Recovering from a failed ibv_devinfo command

The ibv_devinfo command can fail when modules or hardware drivers fail to load or when libraries are missing.

About this task

The ibv_devinfo command generally fails with one of two common errors. The recovery steps for each of those two errors, and one less common error, are given below.

Procedure

  1. Error: Failed to get IB devices list: Function not implemented.

    One of the common causes of this failure is that the ib_uverbs module might not by loaded or it might not be enabled at the correct run levels. To recover from this error, complete the following steps:

    1. To verify the ib_uverbs module is loaded, run the following command and look for similar output:
      lsmod | grep ib_uverbs
      
      ib_uverbs              44238  0
    2. To verify that the RDMA run level is set to on for levels 3 and 5, run the following command and look for similar output:
      chkconfig --list | grep rdma
      
      0:off 1:off 2:off 3:on 4:off 5:on 6:off 
      If RDMA is off, run the following commands to activate RDMA on levels 3 and 5:
      chkconfig --level 3 rdma on 
      	chkconfig --level 5 rdma on
      Run the following command to restart RDMA:
      openibd restart/rdma restart
    3. If there is a missing library, you will see an error similar to the following:
      libibverbs: Warning: couldn't load driver 'mlx4': libmlx4-rdmav2.so: cannot open shared object file: No such file or directory 
      	libibverbs: Warning: no userspace device-specific driver found for /sys/class/infiniband_verbs/uverbs0 
      	No IB devices found. 

      If you receive this error, install the libmlx4 user level library.

  2. Error: No IB devices found.

    If no IB devices are found, complete the following steps:

    1. Check to see if the relevant hardware driver is loaded.
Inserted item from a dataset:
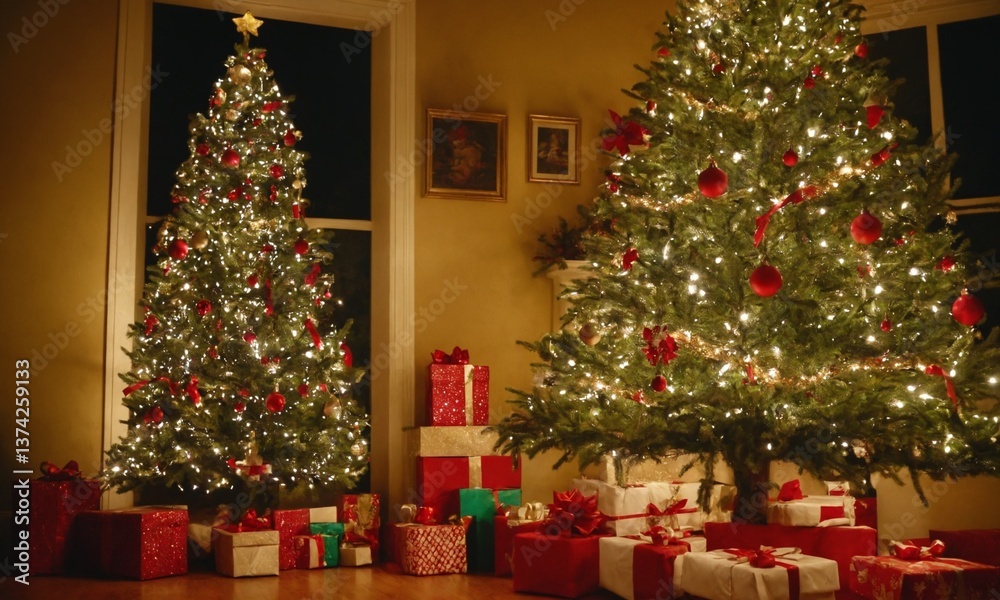 glowing Christmas tree with gifts. Generative AI. glowing Christmas tree with gifts. Generative AI.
If a hardware driver is missing, then run the following command:
      modprobe <hardware driver>
    2. Verify that the hardware driver is loaded by default by editing the configuration file.
    3. Run the following command to restart RDMA:
      openibd restart/rdma restart
  3. Error: On Red Hat Enterprise Linux 5.x on ppc64, the wrong libraries are installed.

    Red Hat Enterprise Linux 5.x on ppc64 requires 32-bit user level libraries like libmlx4. However, by default, the 64-bit libraries are installed. Make sure that you have the correct 32-bit libraries installed.